While other mainstream newspapers struggle to maintain circulation figures, media startups like Capital Daily lack physical office space and don’t have to worry about printing a physical newspaper.

Overstory’s expansion is the most ambitious in the country, but it’s not the only one trying to reinvent local news.

In 2014, investigative journalist Tim Bousquet founded the Halifax Examiner, which has since grown into a medium in its own right.

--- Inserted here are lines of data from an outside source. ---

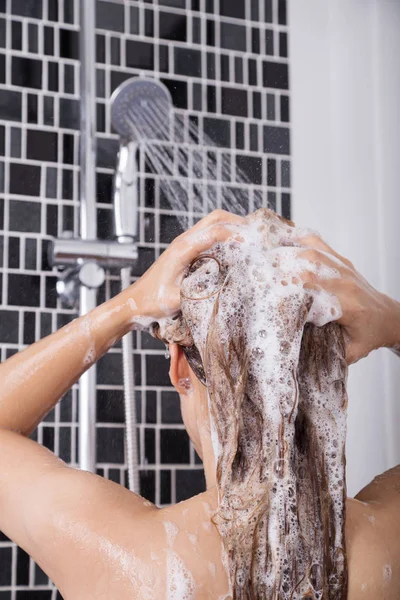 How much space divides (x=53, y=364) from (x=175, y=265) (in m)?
0.21

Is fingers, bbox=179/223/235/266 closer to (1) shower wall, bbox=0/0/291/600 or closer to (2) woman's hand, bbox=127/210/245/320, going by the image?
(2) woman's hand, bbox=127/210/245/320

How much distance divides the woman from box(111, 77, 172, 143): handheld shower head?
0.68 meters

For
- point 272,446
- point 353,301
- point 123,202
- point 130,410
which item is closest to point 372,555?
point 272,446

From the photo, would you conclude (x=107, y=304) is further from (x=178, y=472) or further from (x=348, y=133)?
(x=348, y=133)

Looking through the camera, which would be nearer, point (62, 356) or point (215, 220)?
point (215, 220)

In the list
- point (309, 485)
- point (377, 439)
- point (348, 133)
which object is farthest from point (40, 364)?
point (348, 133)

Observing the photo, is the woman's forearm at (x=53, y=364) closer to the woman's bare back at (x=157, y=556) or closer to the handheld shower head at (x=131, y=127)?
the woman's bare back at (x=157, y=556)

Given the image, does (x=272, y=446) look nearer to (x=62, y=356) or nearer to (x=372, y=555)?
(x=372, y=555)

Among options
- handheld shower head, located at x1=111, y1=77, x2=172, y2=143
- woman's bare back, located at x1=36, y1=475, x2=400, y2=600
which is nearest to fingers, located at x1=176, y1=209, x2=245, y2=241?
woman's bare back, located at x1=36, y1=475, x2=400, y2=600

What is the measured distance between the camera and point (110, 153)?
1.66 metres

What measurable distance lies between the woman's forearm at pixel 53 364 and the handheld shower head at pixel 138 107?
664 mm

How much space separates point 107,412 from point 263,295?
80 centimetres

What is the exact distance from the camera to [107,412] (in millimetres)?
1601

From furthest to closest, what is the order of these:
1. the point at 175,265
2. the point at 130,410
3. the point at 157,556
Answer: the point at 130,410 → the point at 175,265 → the point at 157,556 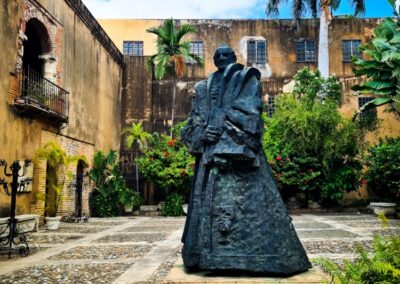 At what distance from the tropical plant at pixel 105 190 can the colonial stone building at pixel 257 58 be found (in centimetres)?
524

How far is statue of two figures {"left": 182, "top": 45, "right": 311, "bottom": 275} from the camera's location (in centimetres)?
359

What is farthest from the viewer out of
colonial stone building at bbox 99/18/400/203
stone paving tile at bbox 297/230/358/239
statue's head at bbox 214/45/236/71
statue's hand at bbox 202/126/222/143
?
colonial stone building at bbox 99/18/400/203

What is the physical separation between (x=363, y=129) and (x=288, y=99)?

During a mass shooting in the province last year, the Examiner’s report on the police response was praised by the much more resourced media.

Indiegraf strives to give enterprising journalists the tools to start a digital publication serving community readership.

While a number of journalism startups have found success in recent years targeting a national market, including Narwhal, Canadaland (which also received funding from the Tiny Foundation) and Logic, the Overstory is that communities crave locally driven stories.

“People care about what is going on around them, not just what is happening across the country,” Mohamed said. “So why don’t we spend enough time talking about it?”

Many have tried.

Since 2008, 165 new local media have been launched in 120 communities across the country, according to recent data from the Local News Project.

But during the same period, a total of 448 news operations were closed in 323 communities, most of which were local newspapers.

Despite the initial success, Thomson says the business is still largely an experiment.

“A lot of people are trying different ways of doing journalism in Canada. We’re just one of them. I don’t know if we are right, ”he said. “I hope we are. I hope we solve a problem in journalism and can make it work. But ultimately, we don’t know yet.